## Developing Hierarchical/Straight through Classification Approach

**Author:** Shaun Khoo  
**Date:** 1 Oct 2021  
**Context:** Adapting Shopify's approach to classifying products using a hierarchical classifier (see reference below)  
**Objective:** Develop code for training a hierarchical classifier neural network

Some references:

* [this article by Shopify](https://shopify.engineering/introducing-linnet-using-rich-image-text-data-categorize-products)
* [How to do transfer learning on PyTorch / Transformers](https://github.com/abhimishra91/transformers-tutorials/blob/master/transformers_multiclass_classification.ipynb)
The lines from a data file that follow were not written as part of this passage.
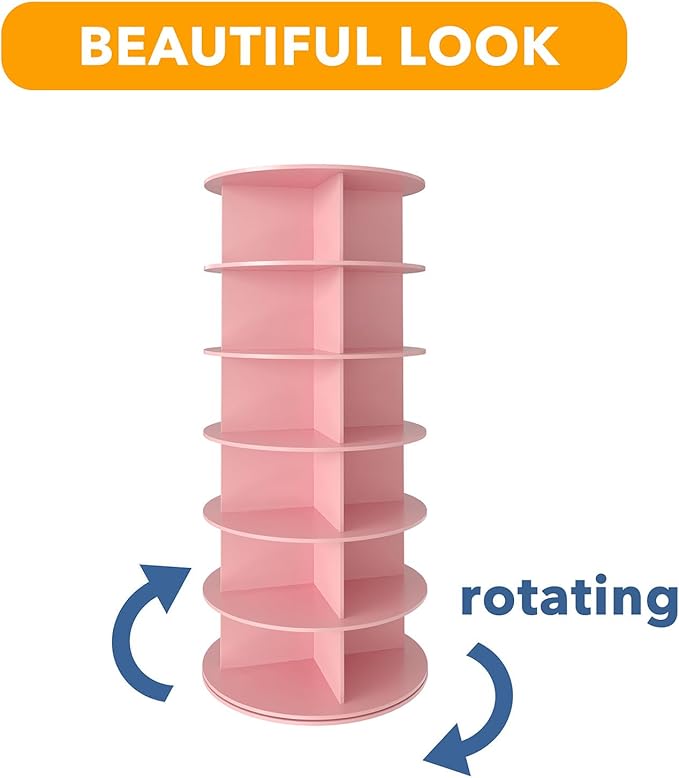 SpaceAid 6 Tier Rotating Shoe Rack Tower, Spinning Shoe Display Lazy Susan, Revolving 360 Shoe Rack Storage Round Carousel, Vertical Handbag Rotate Shoes Closet Organization (6-Tier Pink)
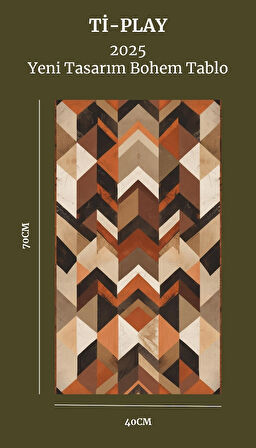 BOHEM TABLO ÇOKGEN DESENLİ TOPRAK TONLARINDA RENKLER BOHEM DUVAR SANATI ÇERÇEVESİZ TABLO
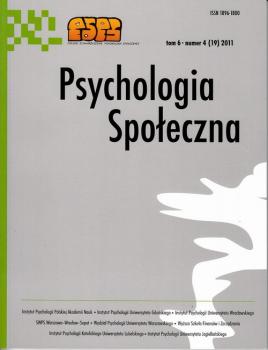 Psychologia SpoÅ‚eczna nr 4(19)/2011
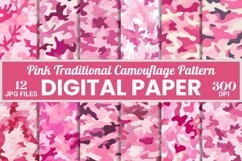 Pink Camo Traditional Camouflage Pattern for Designs Product Image 1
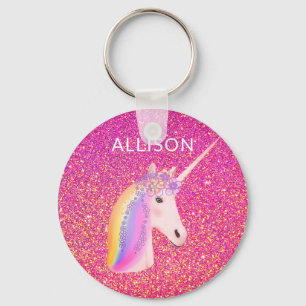 Niedlich Unicorn Rosa Glitzer Glitzern Fantasy Gir Schlüsselanhänger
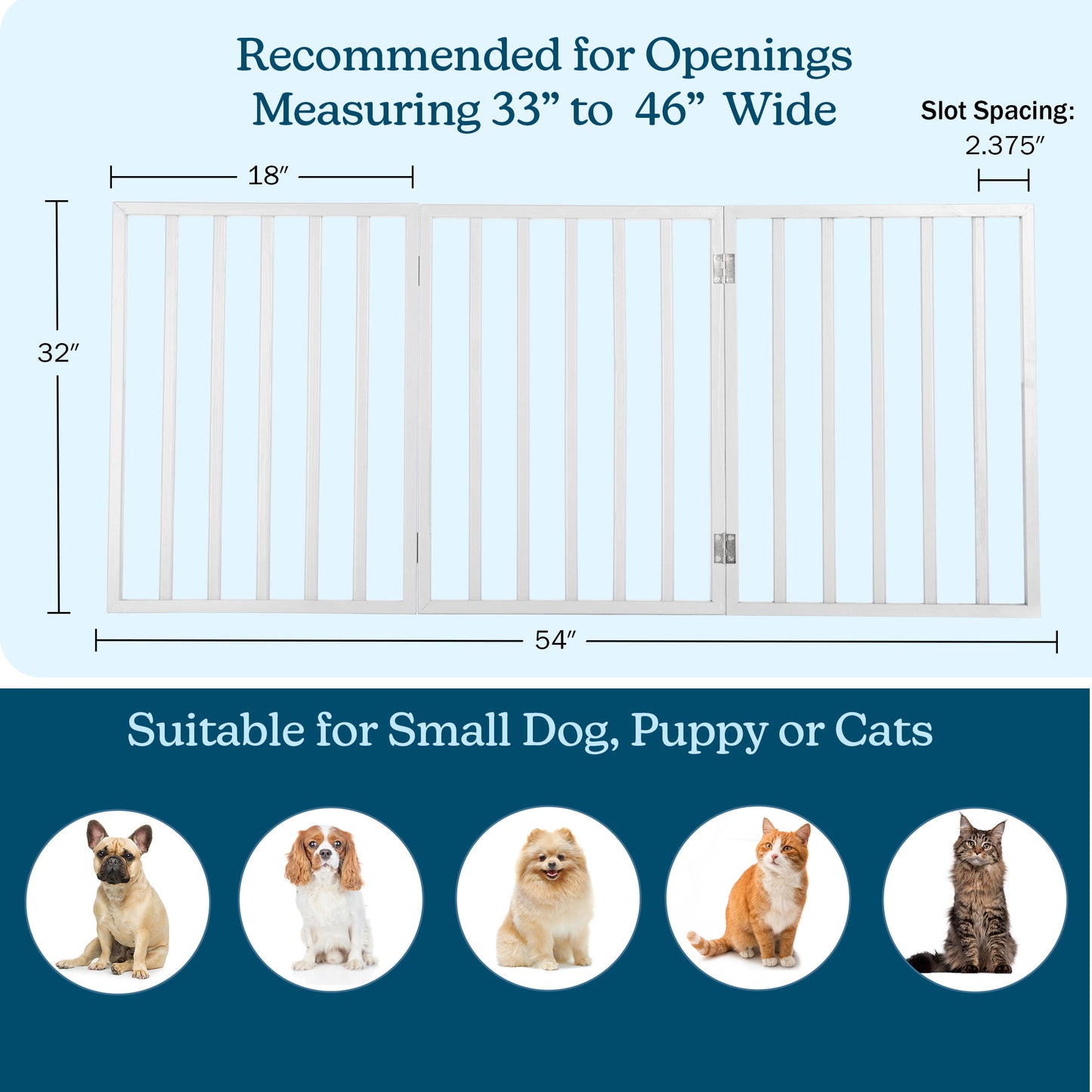 PETMAKER 3-Panel Indoor Foldable Pet Gate, White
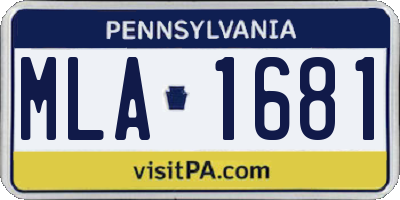 PA license plate MLA1681
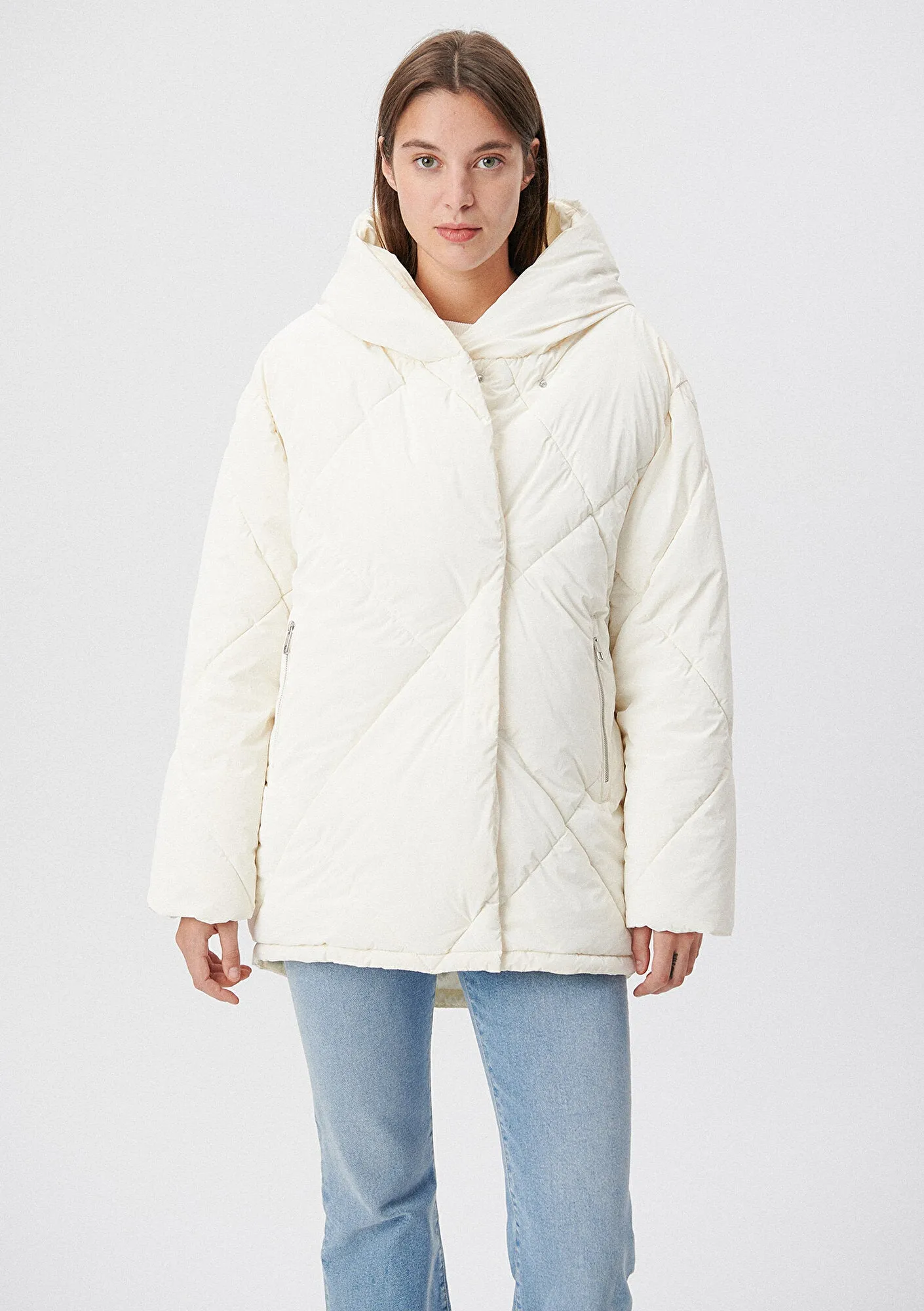 Hooded Quited White Puffer Jacket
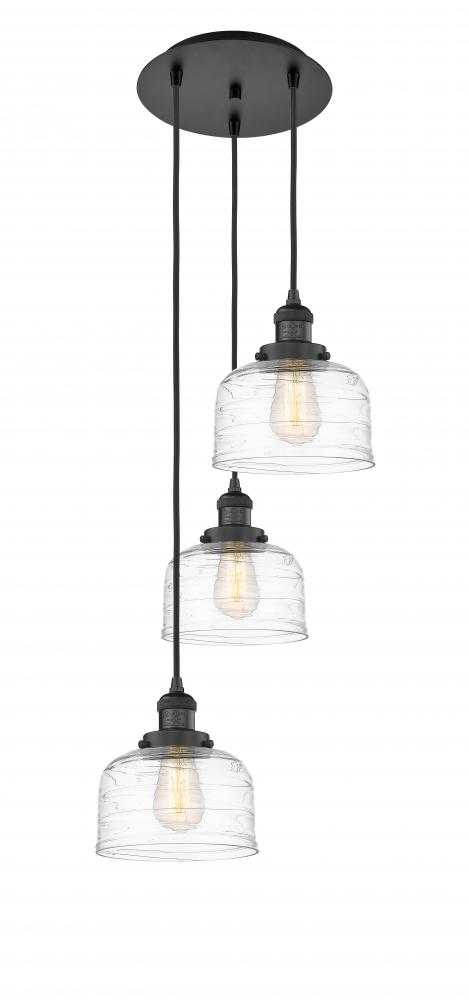 Cone - 3 Light - 14 inch - Matte Black - Cord hung - Multi Pendant
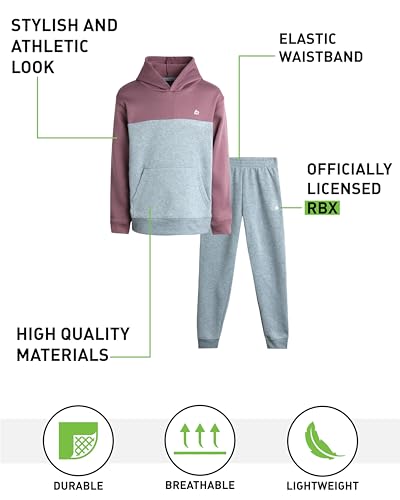 RBX Boys Sweatsuit - 2 Piece Performance Pullover Fleece Hoodie Sweatshirt and Boys Jogger Pants Set (Sizes 4-12)2
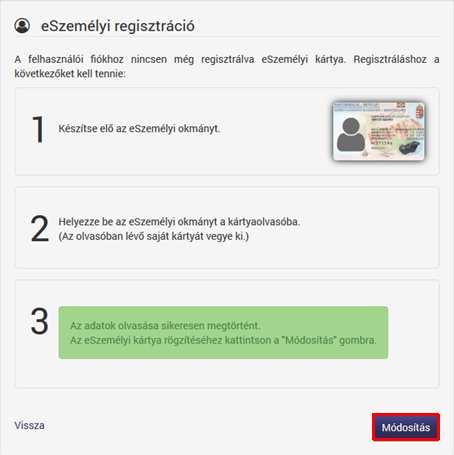 7. Kizárólag nyomógombbal rendelkező (PIN pados) kártyaolvasó esetén a kártyaolvasó billentyűzetét használva kétszer nyomjuk meg az OK gombot. 8.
#### A) Importing libraries and data

Changing the working directory to the top-level project folder

In [1]:
import os
os.chdir('..')

Importing the required libraries

In [2]:
import pandas as pd
import numpy as np
import copy

import torch
from torch.utils.data import Dataset, DataLoader
from torch.autograd import Variable
from transformers import DistilBertModel, DistilBertTokenizer, DistilBertForSequenceClassification
import time
from datetime import datetime

# Enable debugging while on GPU
# This doesn't seem to work for me though
# os.environ['CUDA_LAUNCH_BLOCKING'] = '1'

Importing our training functions from our own codebase

In [3]:
from ssoc_autocoder import model_training

Filling in the required parameters for the model training

In [30]:
colnames = {
    'SSOC': 'Predicted_SSOC_2020',
    'job_description': 'description',
    'job_title': 'title'
}

parameters = {
    'architecture': 'hierarchical',
    'version': 'V2pt2',
    'sequence_max_length': 512,
    'max_level': 5,
    'training_batch_size': 32,
    'validation_batch_size': 32,
    'epochs': 4,
    'learning_rate': 0.0005,
    'pretrained_tokenizer': 'C:\\Users\\shaun\\PycharmProjects\\ssoc-autocoder\\Models\\distilbert-tokenizer-pretrained-7epoch',
    'pretrained_model': 'C:\\Users\\shaun\\PycharmProjects\\ssoc-autocoder\\Models\\mcf-pretrained-7epoch', #'distilbert-base-uncased',
    'local_files_only': True,
    'num_workers': 4,
    'loss_weights': {
        'SSOC_1D': 20,
        'SSOC_2D': 5,
        'SSOC_3D': 3,
        'SSOC_4D': 2,
        'SSOC_5D': 1
    },
    'device': 'cuda'
}

In [5]:
train = pd.read_csv('Data/Train/Train.csv')
test = pd.read_csv('Data/Train/Test.csv')
SSOC_2020 = pd.read_csv('Data/Reference/SSOC_2020.csv')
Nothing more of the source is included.